If you have not made this year’s TFSA contribution yet, consider the following TSX stocks. They offer handsome growth potential for the long term.
Vermilion Energy
The recent crude oil price rally has been very generous for energy producers this year. Notably, instead of deploying more capital to increase production, Canadian energy producers have infused their incremental cash flows to improve their balance sheet strength and increase shareholder returns. Vermilion Energy (TSX:VET)(NYSE:VET) has been one of them.
The company aggressively repaid its debt and deleveraged its balance sheet in the last few quarters. Interestingly, the excess cash allowed it to reinstate dividends as well. Vermilion paid a $0.06-per-share dividend in Q1 2022. In addition, it recently announced an acquisition of a natural gas company Leucrotta Exploration. Rallying natural gas prices and high-quality gas reserves make the deal attractive for Vermilion investors.

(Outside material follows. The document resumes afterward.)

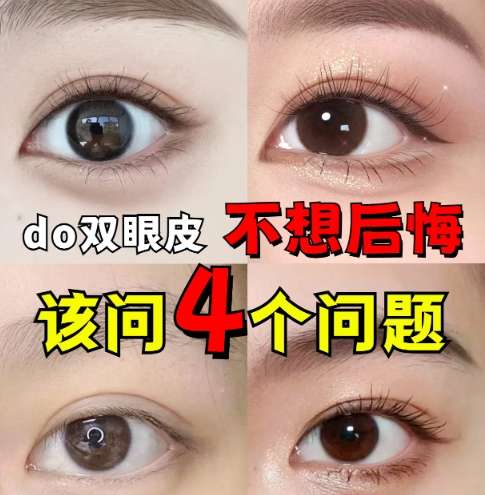 双眼皮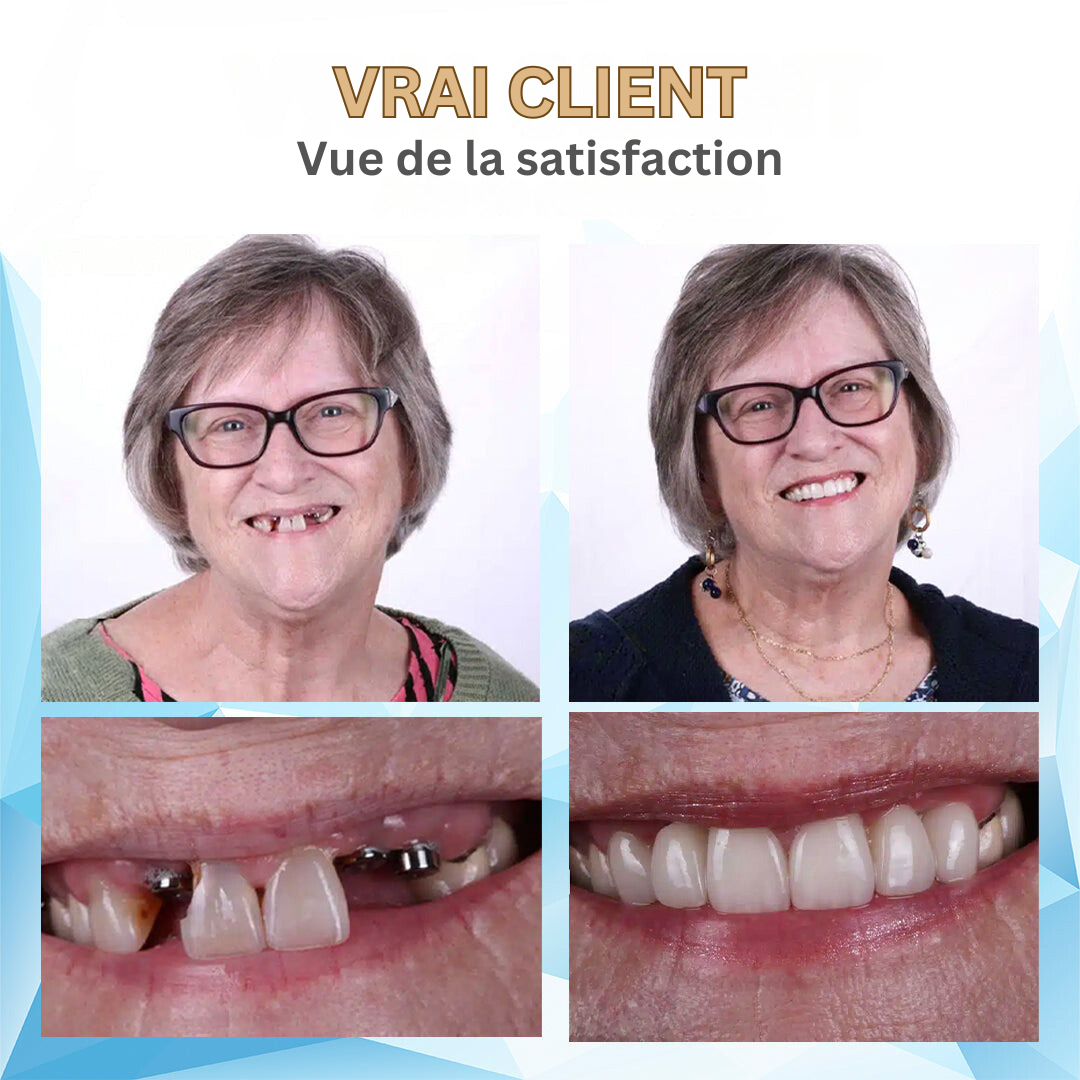 Kit de prothèses dentaires amovibles en silicone, haut et bas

VET stock has gained 200% in the last 12 months. Though oil prices have corrected a tad in the last few weeks, VET stock has been relatively resilient. That’s because of its enhanced balance sheet. The stock will likely restart its upward climb ahead of its Q1 2022 earnings.
BRP
Canada’s leading Powersports vehicle maker BRP (TSX:DOO)(NASDAQ:DOOO) is an excellent post-pandemic play for long-term investors. The stock had a massive correction late last year before a decent recovery in March 2022.
BRP operates in more than 130 countries and has a leading share in the niche market. Popular Powersports brands like Sea-Doo and Ski-Doo fall under its umbrella.

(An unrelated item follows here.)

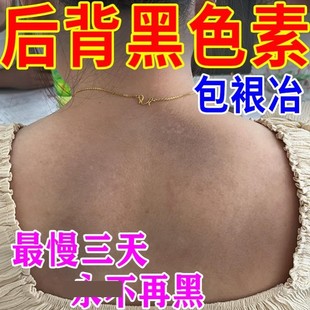 【当天去除】后背黑色素沉淀祛痘印淡化色素沉着美白背专用药膏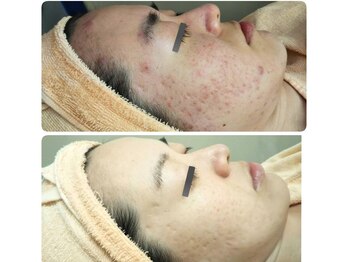 庭夢エステの写真/繰り返す肌荒れ・ニキビ・毛穴悩みに◆憧れの素肌へ肌質改善♪ブライダル前の肌ケアや背中ニキビ悩みにも◎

The company reported a net income of $794 million for the fiscal year 2022. This was handsome growth of 118% year over year. It is already seeing encouraging demand growth across its product range. Moreover, when travel normalizes and consumer discretionary spending increases, BRP could see even higher financial growth in the next few years.
BRP stock is currently trading 11 times its earnings and looks relatively undervalued. Though a faster pace of interest rate hikes could hinder the stock, it could rally in the long term, driven by its solid earnings-growth potential.
Enbridge
Very few stocks offer both superior dividend yield and a long dividend payment history. Canadian energy giant Enbridge (TSX:ENB)(NYSE:ENB) belongs to that camp of raising shareholder payouts for 26 consecutive years and a juicy 6% yield. This implies a reliable and regular passive-income stream for a long time.

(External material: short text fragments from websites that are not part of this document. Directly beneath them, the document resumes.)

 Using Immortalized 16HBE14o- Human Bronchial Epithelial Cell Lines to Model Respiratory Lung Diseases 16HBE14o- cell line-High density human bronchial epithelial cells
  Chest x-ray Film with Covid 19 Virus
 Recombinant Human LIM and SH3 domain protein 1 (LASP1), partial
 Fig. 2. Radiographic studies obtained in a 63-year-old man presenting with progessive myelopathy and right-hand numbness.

Enbridge provides an important energy infrastructure that connects oil and gas producers and refiners. It derives a majority of its earnings from long-term contracts. So, they don’t fluctuate much with oil and gas prices.
If you are looking to take exposure to the energy sector but feel uneasy about its large swings, Enbridge could be an apt choice for you. It is a relatively less-volatile stock than energy producers. Its stable dividends and earnings make it an attractive bet for low-risk investors.